Cit. Krivosheev [5]:
Savaş yıllarında toplam kayıp (ölü, merhum, kayıp ve ülke dışında kalan) 37,2 milyon kişi (196, 7 ve 159, 5 milyon kişi) olarak gerçekleşti. Bununla birlikte, tüm bu değer, savaşın neden olduğu insan kayıplarına atfedilemez, çünkü barış zamanında (4, 5 yıl boyunca) nüfus, sıradan ölüm nedeniyle doğal bir düşüşe maruz kalacaktı. 1941-1945'te SSCB nüfusunun ölüm oranı ise. 1940'takiyle aynı olsaydı, ölüm sayısı 11,9 milyon kişiye ulaşacaktı. Belirtilen değer çıkarıldığında, savaş başlamadan önce doğan vatandaşlar arasındaki insan kayıpları 25,3 milyon kişidir. Bu rakama savaş yıllarında doğan ve aynı zamanda artan bebek ölümleri nedeniyle ölen çocukların kaybını da eklemek gerekir (1,3 milyon kişi). Sonuç olarak, SSCB'nin Büyük Vatanseverlik Savaşı'nda demografik denge yöntemiyle belirlenen toplam insan kayıpları 26,6 milyon kişiye eşittir.
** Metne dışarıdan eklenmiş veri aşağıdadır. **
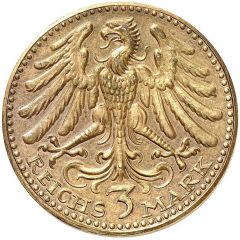 3 Reichsmark Pattern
İlginç bir detay. '22.06.1941'de yaşayanlardan toplam nüfus düşüşü' sütununa bakarsak 37,2 milyon insan görüyoruz. Açıkçası, kayıplar konusundaki manipülasyonların temelini oluşturan bu sayıydı. Ortalama bir okuyucunun dikkatsizliğinden yararlanarak, genellikle 'Peki ya doğal ölümlülük?
Toplam düşman kayıplarına gelince, sayıları 11,9 milyon [2]. Yani, hayatımızın 26,6 milyonuna karşılık 11,9 milyon Alman ve müttefikleri. Evet, Almanlardan çok daha fazla insan kaybettik. Genel ve askeri kayıplar arasındaki fark nedir? Bunlar ölü siviller. İşgal sırasında, bombalama ve bombardıman sırasında öldürüldü, toplama kamplarında öldürüldü, kuşatılmış Leningrad'da öldürüldü. Bu sayıyı Alman sivillerin ölüm oranıyla karşılaştırın. Faşistler öyle bir pislikti ki. Bu vebanın dünyamızı terk etmesi için hayatlarını verenlere sonsuz hafıza ve şan! Sizinle gurur duyuyoruz dedeler. Ve kimsenin Zaferinizi sizden çalmasına izin vermeyeceğiz, kimsenin yağlı parmaklarıyla yakalamasına, büyük başarınızı küçümsemesine izin vermeyeceğiz.